Nel Lazio (dove abita l’8,6% della popolazione italiana) opera una moltitudine senza eguali di suore (ben 18.123, il 22% di quelle presenti in Italia) e di religiosi (5.138, pari al 29,5%), in gran parte concentrati nel quartiere più cattolico del mondo, l’Aurelio, che qualcuno ha simpaticamente ribattezzato «Gran Pretagna».

Questo, però, non ha impedito ai progressisti di vincere ripetutamente in questa Regione.

Più interessante è il voto di frontiera, quello delle parrocchie e delle associazioni. Nel Lazio parroci e vice-parroci sono pochi: 2.096, soltanto il 6,2% del totale nazionale. Scarseggiano anche i seminaristi: sono appena 362, il 7,7% del totale.

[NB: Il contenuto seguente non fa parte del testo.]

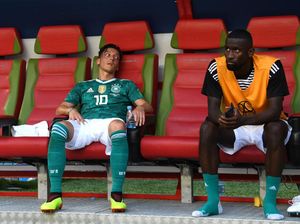 Ruediger Bakal Ceritakan Kehebatan Oezil ke Anak Cucu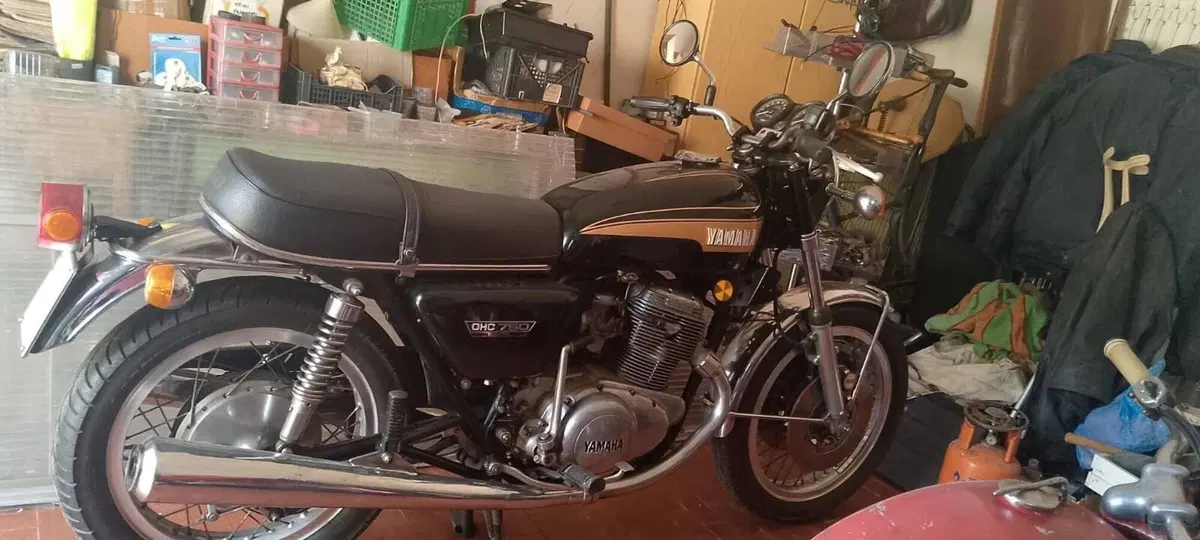 Yamaha TX750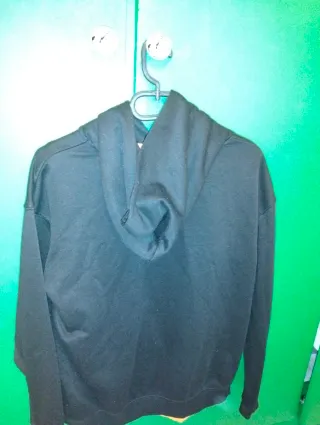 Sudadera negra con esttampado floral de H&M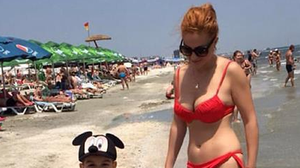FOTO! Incredibil cat de bine arata sotia lui Cristi Brancu in costum de baie! A slabit si are un trup de diva, fara pic de celulita! novalue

Tracce di una certa freddezza del popolo cattolico romano si trovano pure nelle parole pronunciate dal capo della diocesi romana, il cardinale Agostino Vallini: «Roma vive tutte le difficoltà legate al tempo che viviamo, le vocazioni sono poche rispetto ai bisogni, la partecipazione alla messa ha una frequenza attorno al 20 per cento».

Il vicario ha lanciato il messaggio ai suoi parroci: meglio la Polverini, ma niente crociate, mobilitazioni nelle parrocchie, omelie orientate o volantinaggi come fu fatto in occasione dei referendum sulla procreazione assistita. Anche perché Roma è una città più laica di quel che si creda.

Lo dimostra un dato trascurato: proprio in occasione dei referendum sulla procreazione del 2005 (quelli che la Chiesa osteggiò invocando l’astensione), mentre a livello nazionale la partecipazione si fermò al 25,9%, a Roma andò a votare il 37,4% e i sì alla abrogazione della legislazione restrittiva erano stati 741.000, cifra assai rispettabile in termini assoluti.

E l’approccio disincantato dei romani è confermato da un recente sondaggio della Ipsos: tra i «praticanti assidui» (quelli che vanno a messa tutte le domeniche), il 37% dice che voterà per la Bonino e il 30% per la Polverini.

La partita si gioca soprattutto sui flussi di opinione e di potere: a Roma (dove vota il 70% degli elettori laziali) la sinistra ha governato la città per quasi 30 anni di seguito, costruendo un solido sistema di potere (da 2 anni incrinato da Alemanno sindaco) che quasi tutto controlla, appalti, municipalizzate, Regione, Provincia, sanità pubblica, oltre a quel «soft power» così tipicamente romano, lo sterminato indotto culturale, alimentato da associazioni e grandi enti (Cinecittà, la Rai, l’Auditorium) nei quali la destra ha iniziato a penetrare da poco tempo.